The well-labelled winner. A hotel that describes itself as “solo female traveller-friendly,” with content across its own site and third-party listings that consistently uses that framing, starts surfacing every time someone asks for that type of stay. The alignment between what the business offers and how AI queries are phrased is doing real work.

The legibility play. Some businesses aren’t necessarily the best option, but they’re the clearest one. Their content answers the specific question being asked. They show up not by being exceptional, but by being the most straightforward answer to a well-defined query.

None of this is cynical — it’s just how the new discovery layer works. It’s worth knowing.
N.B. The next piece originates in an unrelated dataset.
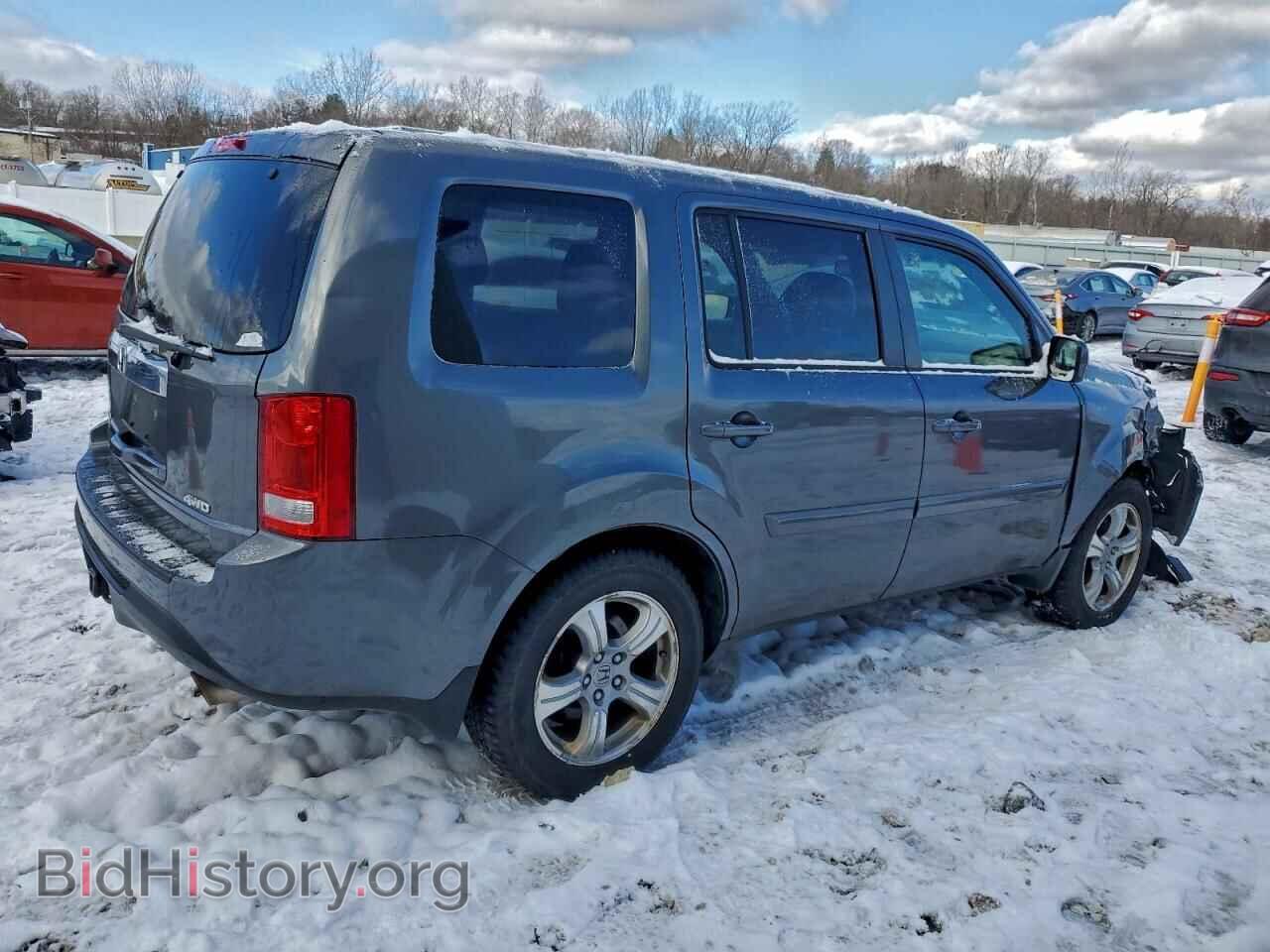 2012 HONDA PILOT - VIN: 5FNYF4H61CB057296 - Фото 3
How this is different from the B2B version

GEO (Generative Engine Optimisation), the practice of making content more visible and citable in AI search responses, gets talked about a lot in B2B contexts.

B2B GEO is about influencing a long research cycle. Multiple decision-makers, multiple touchpoints, weeks of consideration.

B2C GEO is faster and more immediate. The moment of intent is short. Someone asks, gets an answer, and often acts. If your restaurant, hotel, or product isn’t in that answer — the decision may already be made. Different stakes, but the underlying idea is the same: be the clearest answer to the question being asked.

Getting more out of AI recommendations

The most useful thing you can do as a consumer isn’t to distrust AI recommendations — it’s to get better at asking.

A vague query gets a vague answer. “Best restaurant in Tanjong Pagar” will surface the same five names every time. But the more context you give, the more useful the response becomes. Tell it who you’re going with, what kind of atmosphere you’re after, dietary restrictions, budget — and you’ll start getting answers that are actually tailored to your situation rather than a generic crowd-pleaser.

If an AI recommendation doesn’t feel quite right, the fix is usually more context, not a different tool. Think of it less like a search engine and more like asking a well-read friend who needs a bit of background before they can give you a good answer. The more you give them, the better they’ll do.

The honest take

AI recommendations aren’t bad. For plenty of queries they’re genuinely useful — faster and more contextual than scrolling through star ratings.

But they’re shaped. They reflect the content ecosystem, not ground truth. The gap between “most recommended by AI” and “actually the best” is real, and it’s growing as more businesses figure this out.

Knowing that makes you a more intentional user of these tools. And if you’re building or marketing anything consumer-facing, it’s probably the most useful reframe you can apply to your content strategy right now.

Go and ask ChatGPT for that Beijing itinerary — the one optimised for food, culture, and running. See what comes up. Then ask the same question about your favourite hawker stall.